Along with several other Caribbean islands, Cuba was recently the victim of Hurricane Irma, which struck the country’s northern coast as a Category 5 storm, causing massive flooding in the capital city, Havana. The U.S. media paid scant attention to this particular catastrophe, however, whether for political or sociological reasons. Cuba, with its distinctive political and economic systems, remains the embodiment of “otherness” to most U.S. citizens. It epitomizes the exotic, while its people are all too easily subject to de-humanizing characterizations as colonial-era stereotype or helpless, brainwashed pawns of a totalitarian regime. Poor peoples everywhere bear the brunt of climate change, and in Cuba the issue is compounded by decades of alienation from the world power to its north.
In anticipation of CUUC’s tribute to Havana at next month’s Goods and Services Auction, Cuba’s rich artistic traditions ore showcased in several of Sunday morning’s musical selections. The solo piano works featured in the Centering Music include a modernist take Cuban conga drumming by Hilario González as well as a newly discovered unpublished piece of juvenalia by the Cuban-American composer Tania León, who was interviewed at CUUC last year: https://www.youtube.com/watch?v=kuUxoI3x8fo. Joaquin Nin-Culmell, younger brother of the diarist Anais Nin, pays a sentimental homage to his Cuban ancestry in two of his charming Douze Danses Cubaines, works which evoke a nineteenth-century Europeanized view of what was then a Spanish colony.
The Offertory music, “Cancion para dormir a un negrito” from Xavier Montsalvatge’s Canciones Negras bears special comment. The layers of appropriation are so numerous and complex, that the song is bound to evoke conflicting emotions. The very notion of a lullaby written for public performance is a contradiction, which requires a certain suspension of disbelief. In this case, Cuban poet Ildefonso Pereda Valdés’s text depicts a Cuban mother of African descent singing her baby to sleep in a world where bogeyman are white, and a black child might dream of outgrowing slavery.

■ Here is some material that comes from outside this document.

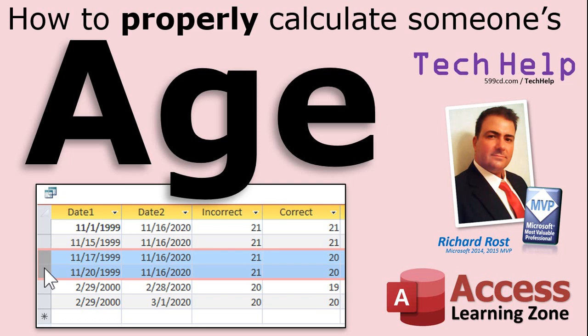Welcome to another Tech Help video brought to you by AccessLearningZone.com. I am your instructor, Richard Rost. In today's video, I'm going to show you how to properly calculate someone's age.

The bittersweet nostalgic lilt of an Habanera is subverted by tart dissonances, which impart an ironic edge to the mother’s reassurances: “If you sleep well, the master of the house promises to get you a suit and make you a ‘groom’.” To complete the picture, Montsalvatge was from Catalonia, a region of Spain currently in the midst of a heated confrontation with the country’s central government over a controversial referendum to secede. He viewed Caribbean culture through the scrim of commerce, which brought goods--as well as song and dance-- from the distant Antilles to Spain’s Costa Brava. Our skin may well crawl at the seductive beauty and simplicity of Montsalvatge’s creation, in spite of the twisted history it embodies.
And, beyond Cuba, CUUC’s Choir is on hand with two moving selections: Amy Bernon’s “A Song Sung Once” and the Spiritual “Turn Me Round”, popular in UU circles for its timeless message of resistance to oppression and ever-widening circles of empathic responsibility.
Read on for programming details.
Centering Music: Adam Kent, piano
Preludio en Conga No. 3
Hilario González
Rondó a la Criolla
Tania León
Douze Danses Cubaines, Nos. 4 and 12
Joaquín Nin-Culmell
Anthem: CUUC Choir directed by Lisa N. Meyer and accompanied by Georgianna Pappas
A Song Sung Once
Amy Bernon
Offertory: Kim Force, soprano
Canción para dormir a un negrito* from Canciones Negras
Canción para dormir a un negrito* from Canciones Negras
Xavier Montsalvatge
Anthem:
Turn Me ‘Round
Turn Me ‘Round
Traditional Spiritual arr. by Earlene Rentz
*Translation:
Hush-a-bye my little one, Little black one who doesn't want to sleep. Head of a coconut, little coffee bean, With soft cottony hair, With huge eyes like two windows that look out at the sea. Close your little eyes, frightened little one, The white bogeyman could eat you! You are no longer a slave! If you sleep a lot the master of the house will buy you a suit with buttons to be just like a groom. Hush-a-bye, sleep now little one. Head of a coconut, little coffee bean.
Hush-a-bye my little one, Little black one who doesn't want to sleep. Head of a coconut, little coffee bean, With soft cottony hair, With huge eyes like two windows that look out at the sea. Close your little eyes, frightened little one, The white bogeyman could eat you! You are no longer a slave! If you sleep a lot the master of the house will buy you a suit with buttons to be just like a groom. Hush-a-bye, sleep now little one. Head of a coconut, little coffee bean.